▶ **PROVIDED ENTRIES**
# # # # #

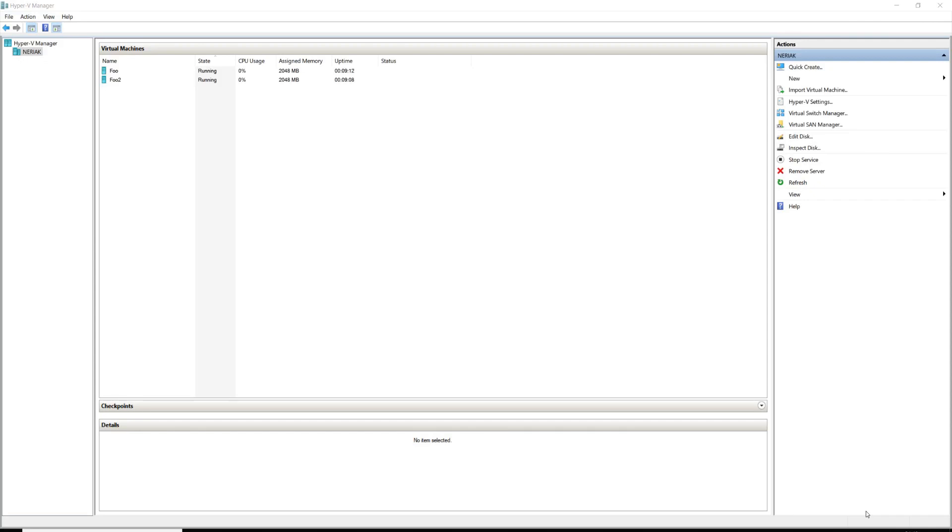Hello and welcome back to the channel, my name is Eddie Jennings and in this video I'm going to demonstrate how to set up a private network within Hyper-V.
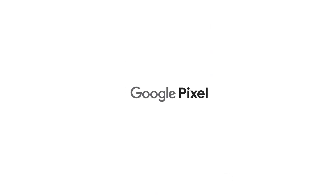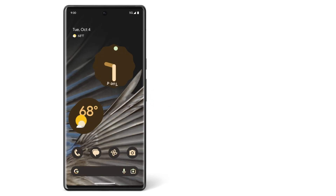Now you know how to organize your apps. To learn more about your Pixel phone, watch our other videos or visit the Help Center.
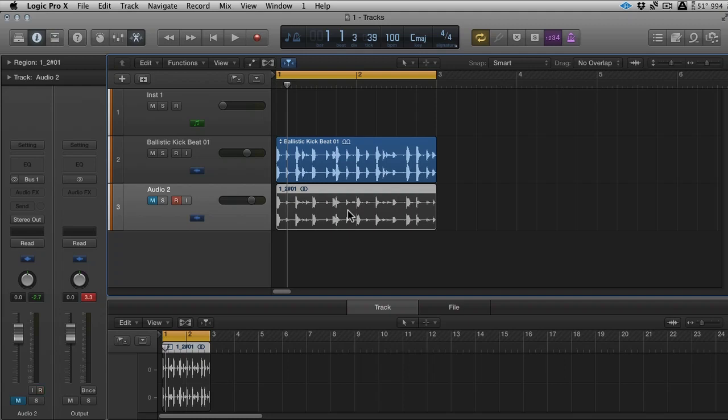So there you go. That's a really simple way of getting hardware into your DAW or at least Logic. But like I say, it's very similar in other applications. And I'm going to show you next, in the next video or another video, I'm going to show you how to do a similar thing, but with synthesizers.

# # # # #

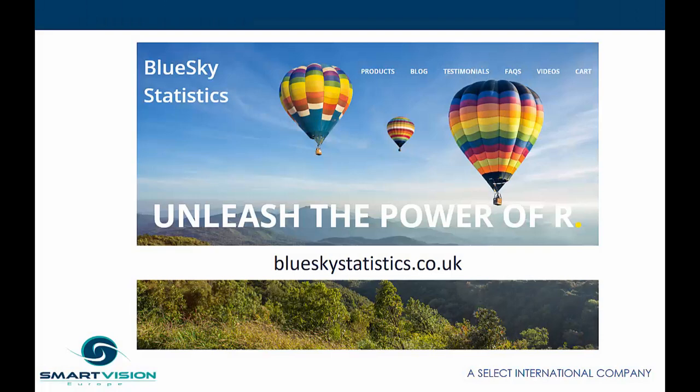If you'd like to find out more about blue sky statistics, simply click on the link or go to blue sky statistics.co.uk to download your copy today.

# # # # #

▶ **INSTRUCTIONS TO FOLLOW**
Range to copy from the listing above: the line containing "Hello and welcome" down to the line containing "So there you", both included. Reproduce it exactly, minus the pictures, and add nothing.

▶ **TASK SOLUTION**
Hello and welcome back to the channel, my name is Eddie Jennings and in this video I'm going to demonstrate how to set up a private network within Hyper-V.
Now you know how to organize your apps. To learn more about your Pixel phone, watch our other videos or visit the Help Center.
So there you go. That's a really simple way of getting hardware into your DAW or at least Logic. But like I say, it's very similar in other applications. And I'm going to show you next, in the next video or another video, I'm going to show you how to do a similar thing, but with synthesizers.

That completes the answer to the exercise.